Rewind the clocks to earlier this month to the streets Tottenham district of London England. Mark Duggan, a father of four, was gunned down in the streets by police fire. The public demanded an explanation by senior officials within the Tottenham police precinct, which was brushed off. Whatever happened next incited riots and looting for many days on the streets of London and presiding areas.
The Egyptian people displayed unity and perseverance in the face of brutal tactics of suppression such as tear gas and water canons. Any damage that was done was inflicted upon the state, whereas during the London riots damage was inflicted upon the property of store owners. There were scenes of masked people sprinting out of stores clutching electronics and clothing. One female looter explained to a citizen recording the scene, “I’m getting my taxes back.”
Using a sociological theory to explain the differences between the above-mentioned instances sheds some light. Taking a conflict theorists perspective, the conduct of people originates from the environment in which they live. Our western style of living is saturated in consumerist excess; our sense of self is in direct correlation to what we have. We must ask ourselves these questions. Have we ever participated in a protest? Why do we pursue education? Is enlightenment our goal? Or is our goal the cars and the large house in the gated community?
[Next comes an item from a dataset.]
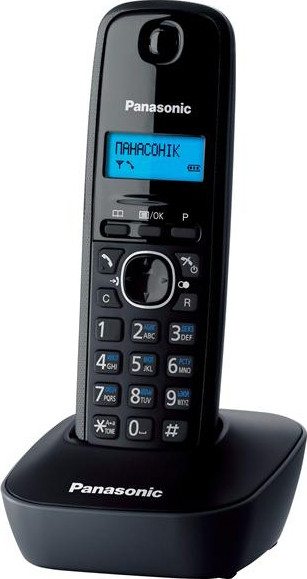 Изображение товара Беспроводной телефон Panasonic KX-TG1611 (черный)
These are all revolutionary thoughts. The word revolution itself isn’t limited to a political connotation. Is not being the first person in your family to pursue a higher education a revolutionary action?
Revolution isn’t just something that occurs in countries. Revolution can occur within our own selves. Why do we sometimes get bored of routine? Because revolution is an act of nature. We were designed to shift and grow, not to be stagnant templates of each other. Anything man-made or altered deserves to be reconsidered. People within our own society have decided what’s beautiful, what’s worth our time, what’s worth bombarding us with. That’s too much power for a select few. That right belongs equally to every singe man woman and child. Don’t let a loud minority rob you of your happiness. Express!